Jason Carney is HR director at Indianapolis-based WorkSmart Systems, which provides HR services for small- to medium-sized employers. The company is responsible for about 5,500 worksite employees spread out over 100 client companies and 43 states. He predicted that virtually every step a company takes to comply with the new regulations needs to be reviewed by an attorney.

"Not only does this new ruling have direct legal implications, but the press it has gotten and is continuing to get is unprecedented," he said. "This puts a spotlight directly on the concept of exempt versus nonexempt like never before. Employees who may not have cared how they were classified in the past suddenly have a new interest—and new questions. I feel the new spotlight … may result in employees beginning to question their pay status."

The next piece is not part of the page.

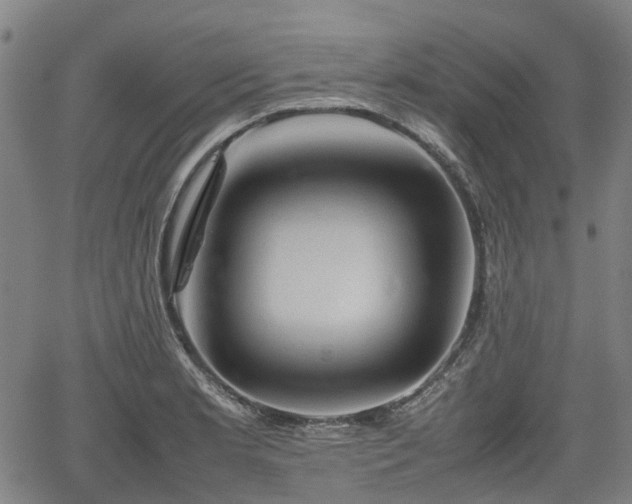 X0000062171181200512161243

Christian Antkowiak is counsel in the Labor & Employment section of Pittsburgh-based Buchanan Ingersoll & Rooney PC. When advising his clients in the satellite telecommunications, health care, and oil and gas industries, he's found that it helps to refer to DOL opinion letters on the rules, the DOL's Field Operations Handbook and recent case law.

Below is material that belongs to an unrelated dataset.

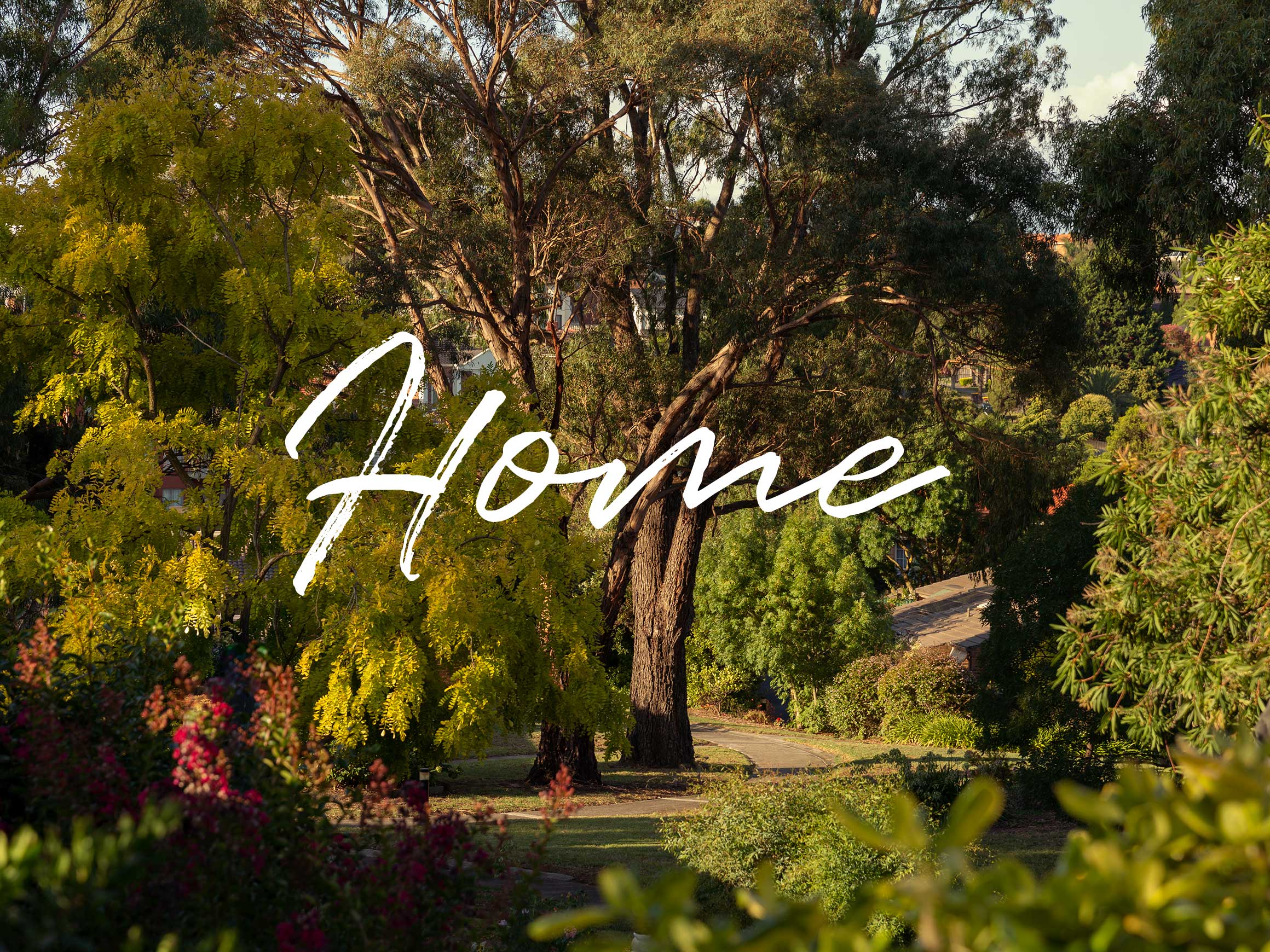 Self-titled Website Case Study Cumberland View Home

"The practical, administrative realities have been difficult, and I've found that attending industry group programs and events—especially involving panels and roundtables—have been helpful in learning more about how others are handling these changes," he said.

For companies that have small HR departments or no HR staff, consultants like StratEx can shoulder the heavy lifting when it comes to overtime regulation compliance.

"The average HR department for the clients that we work with is usually one or two people—max," Van Vlymen said. "A lot of our clients don't have any HR staff to help at all; maybe they've elected a nontraditionally trained officer to handle HR matters such as a COO or a director of accounting.  In those situations, [our] HR consultants step in to educate the internal decision makers about the new regulations and ensure we have the right parties involved on drafting a game plan for dealing with the regs. Usually that involves a member of the C-suite, internal HR—if they've got it—and a member of the finance or accounting executive team."

Payroll, Accounting, Software

For some companies, adjusting timekeeping, payroll and benefits records for newly reclassified employees has been relatively simple.

Walker has five employees on staff and used—a firm based in San Francisco and Denver that provides companies with payroll, benefits and HR services—to make the transition.

"This was actually very easy," he said. "Their dashboard is easy to use. It may have taken a few minutes per employee at most."

The majority of Holliday's clients have electronic record keeping, so updating these systems has been fairly simple, she said. For example, one of her clients has about 100 employees. Of that 100, only 12 people needed to be reclassified. "This was a quick fix in the system, handled by payroll, and then a short session with the employees to explain how to track their time," she said.

But for others, it has been more complicated.

"Believe it or not, there are some organizations that have no nonexempt employees currently but are being forced to convert," Carney said. "This creates a number of challenges, from system implementation to education and training on not only the system but also the allocation of work time. The biggest concern with computer records has been helping some clients implement timekeeping for their new nonexempt workforce. "

Because some reclassified employees will see changes in their benefits, those records and paycheck deductions will also need attention, Van Vlymen said.

"Some employees who were exempt may have been eligible for benefits that they will no longer be eligible for as a nonexempt employee," she said. "So deductions need to be reviewed.  If the employer wants to allow those employees to maintain their benefits, eligibility requirements on plan documents may need to be updated."